Posted on Thursday, December 15, 2011

Westminster College students won numerous awards at the Dec. 8 Student Symposium on the Environment.  The event was hosted by Westminster and co-sponsored by the Slippery Rock Watershed Coalition.  Awards were sponsored by Westminster's Drinko Center for Excellence in Teaching and Learning.
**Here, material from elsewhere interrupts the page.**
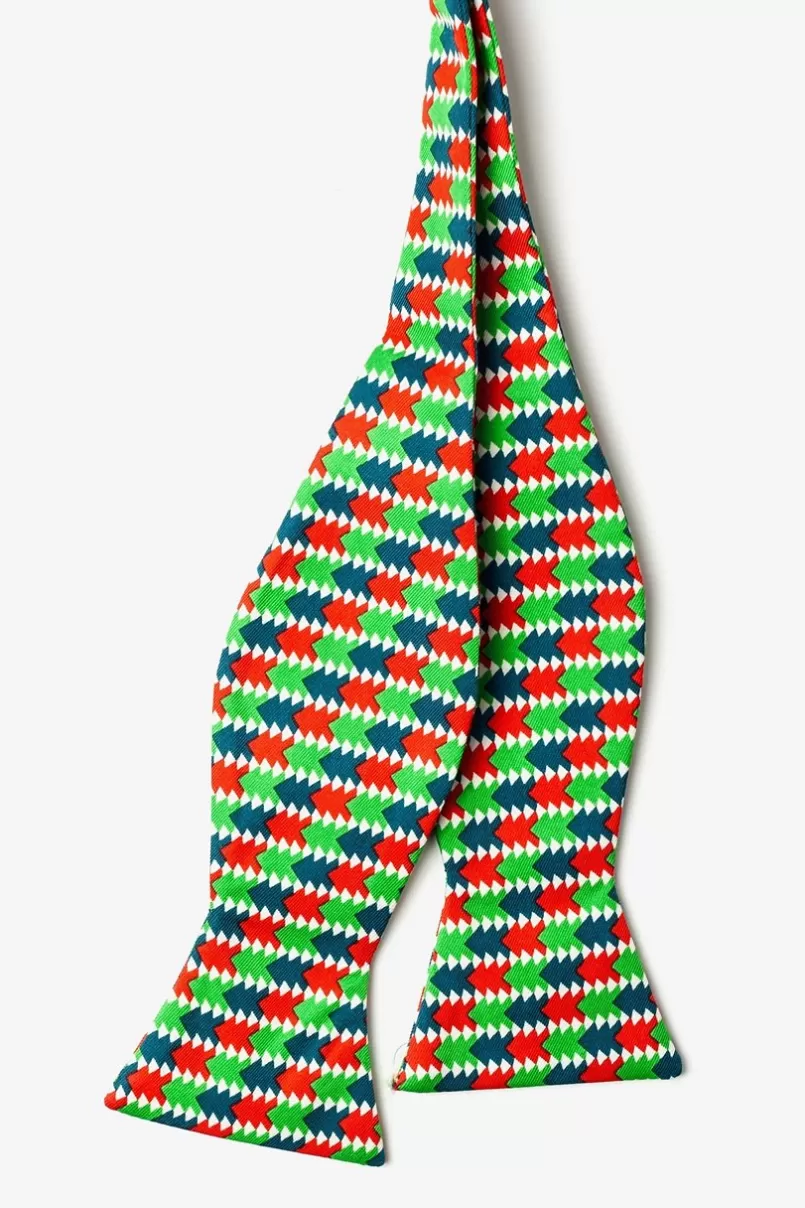 Ties Christmas Tree Abstract Green Self-Tie Bow Tie Green&HunterGreen Fashion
Oral and poster presentations were given by students from Westminster and Allegheny Colleges, Slippery Rock University, and Slippery Rock High School

Among the award winners were Westminster students Andrew Clark, Nathaniel Delk, Kelly Gould, Caitlin Roberts, and Cory Seese (Best Oral Presentation - "Removal of Metal Pollutants from Western Pennsylvania Wastewater with Recovered Manganese"); Caleb Smathers and Haley Gabor (Best Science Poster Presentation - "Chemical Analysis and Sub-Lethal Effects of Produced Water from Natural Gas Drilling on Zebrafish (Danio rerio) Embryos and Larvae"); Hilary Stenger (Honorable Mention Oral Presentation - "Environmental Health: Mosquito Control"); Jordan Zabo (Honorable Mention Science Poster Presentation - "The Effects of Male-Produced Olfactory Cues on the Sex Ratio of Jewel Wasps, Nasonia vitripennis, under Local Mate Competition"); and Rebecca Beers, Matthew Pereslucha, and Tyler Umstead (Honorable Mention Non-Science Presentation - "Mordant and Temperature Effects on Logwood-Dyed Wool Yarn").  Elyse Schmitt of Allegheny College earned the award for Best Non-Science Presentation ("Urban Aquaponics").
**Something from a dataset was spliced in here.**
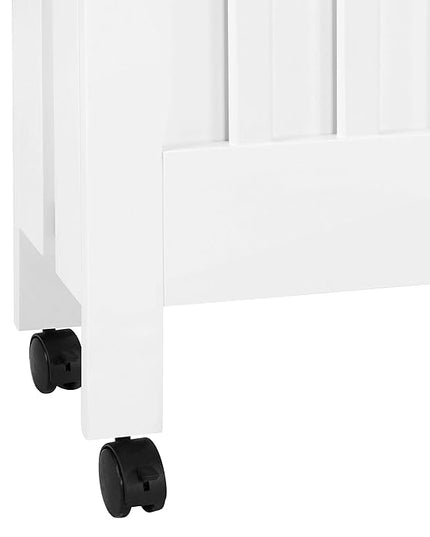 Babyletto Maki Full-Size 2-in-1 Portable Folding Crib with Toddler Bed Conversion Kit in White, Greenguard Gold Certified - LeafyLoom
Student work was displayed from the cluster "Pattern and Process in the Natural World," a course that paired the disciplines of biology and art to explore patterns, processes, and colors found in nature.  Beers, Pereslucha, and Umstead, who were part of the cluster, entered a separate poster.  Their project described how temperature and different metal ions interact to change the color produced by logwood, a natural plant-based dye.  The cluster was taught by Peggy Cox, professor of art, and Dr. Ann Throckmorton, professor of biology.

Two of the Westminster students, Smathers and Noel Galuschik, received Drinko Center undergraduate research grants to assist in conducting their research.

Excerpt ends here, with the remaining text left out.